- _DIRECTIONS FOR THIS TASK_: Skip the pictures and restate, word for word, the lines from the one containing "Strands Monitum 1238mm" to the end of the data below.
· · ·
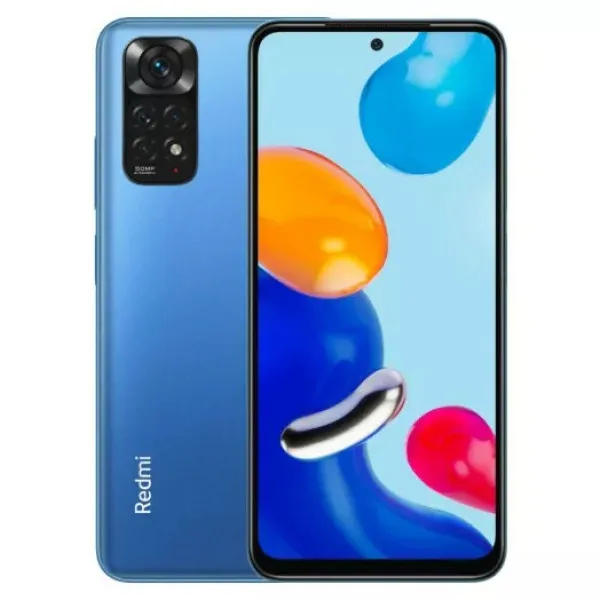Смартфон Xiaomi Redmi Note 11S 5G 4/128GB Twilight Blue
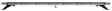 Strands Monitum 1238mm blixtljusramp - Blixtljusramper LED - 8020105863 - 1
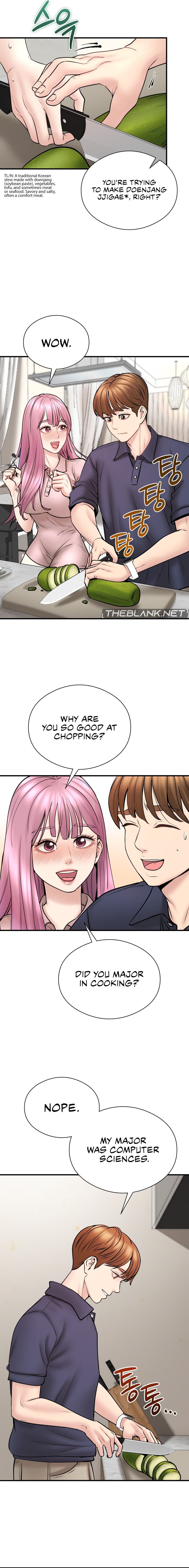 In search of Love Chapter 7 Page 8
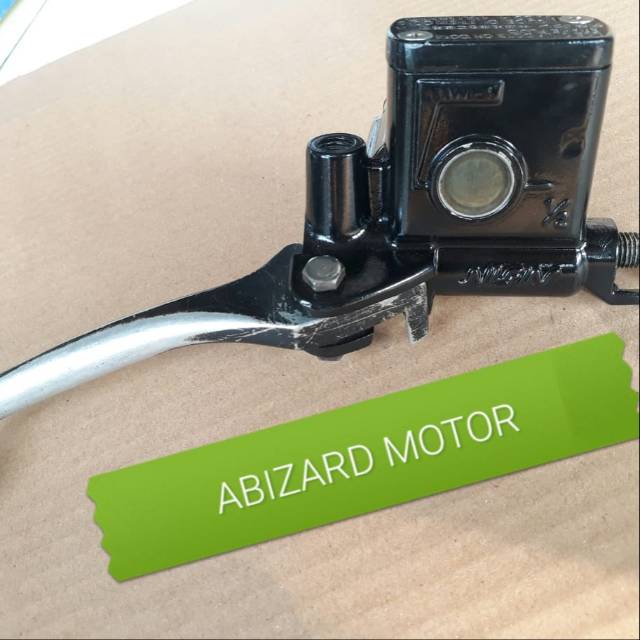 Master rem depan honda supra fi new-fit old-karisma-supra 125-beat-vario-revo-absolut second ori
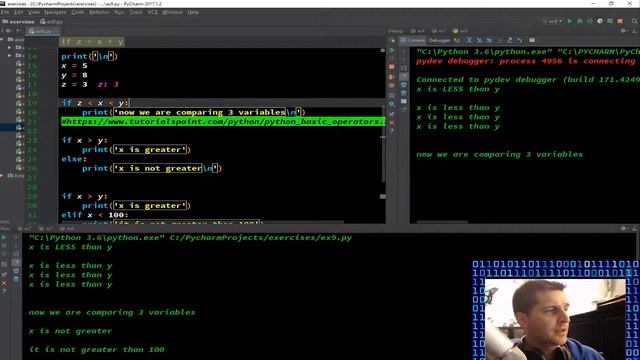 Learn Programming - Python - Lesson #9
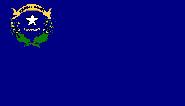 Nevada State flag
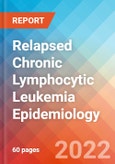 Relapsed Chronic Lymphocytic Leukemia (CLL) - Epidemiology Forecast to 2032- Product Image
· · ·
- _EXERCISE RESULT_:
 Strands Monitum 1238mm blixtljusramp - Blixtljusramper LED - 8020105863 - 1
 In search of Love Chapter 7 Page 8
 Master rem depan honda supra fi new-fit old-karisma-supra 125-beat-vario-revo-absolut second ori
 Learn Programming - Python - Lesson #9
 Nevada State flag
 Relapsed Chronic Lymphocytic Leukemia (CLL) - Epidemiology Forecast to 2032- Product Image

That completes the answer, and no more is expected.